== PROBLEM REQUIREMENTS ==
Your answer should be an exact copy of the lines from the one holding "Double Pink Weeping Higan Flowering Cherry 7" to the end of the material below, pictures left out.

== EXCERPTED DATA ==

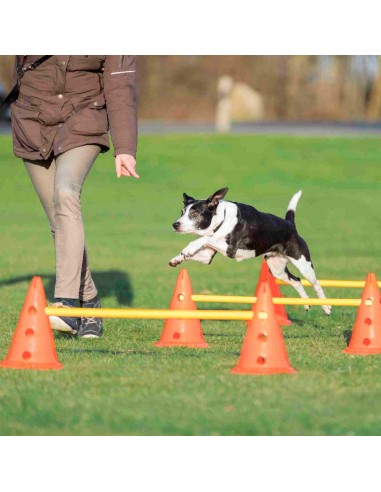 Set de conos y varillas de agility para perros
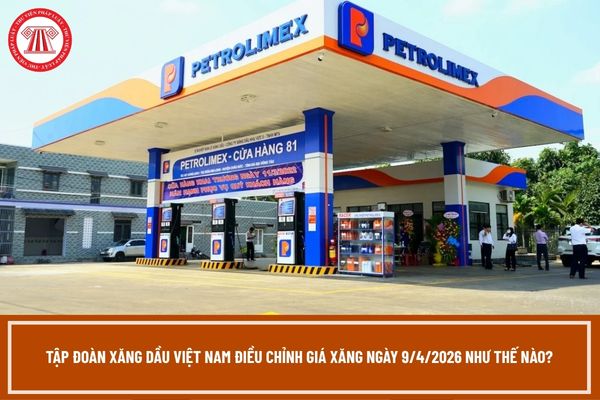 Pháp luật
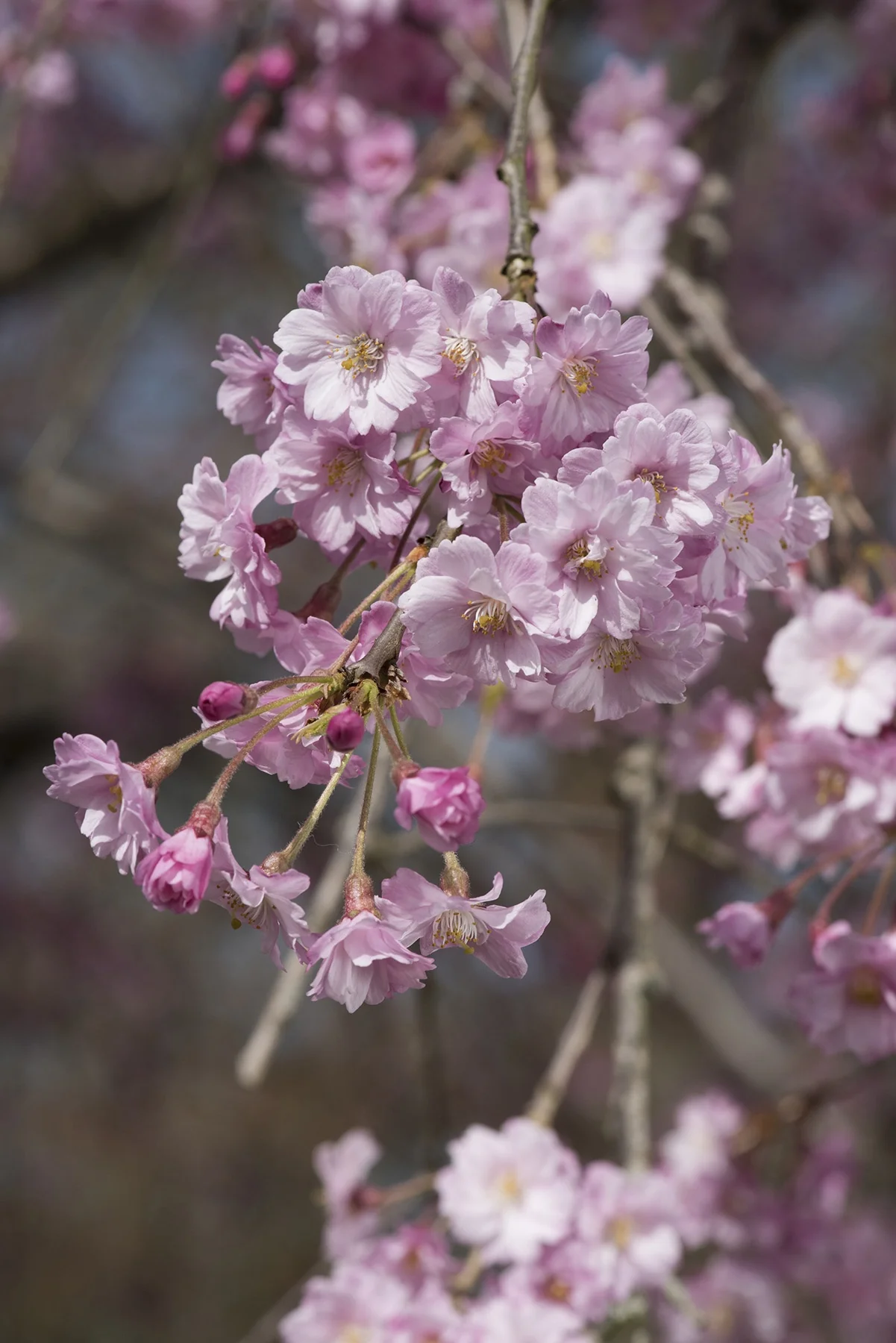 Double Pink Weeping Higan Flowering Cherry 7 Double Pink Weeping Higan Flowering Cherry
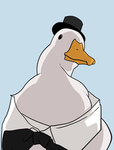 !The Coolest Duck Team!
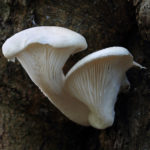 Pleurotus Dryinus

== RESPONSE FOR THIS EXERCISE ==
 Double Pink Weeping Higan Flowering Cherry 7 Double Pink Weeping Higan Flowering Cherry
 !The Coolest Duck Team!
 Pleurotus Dryinus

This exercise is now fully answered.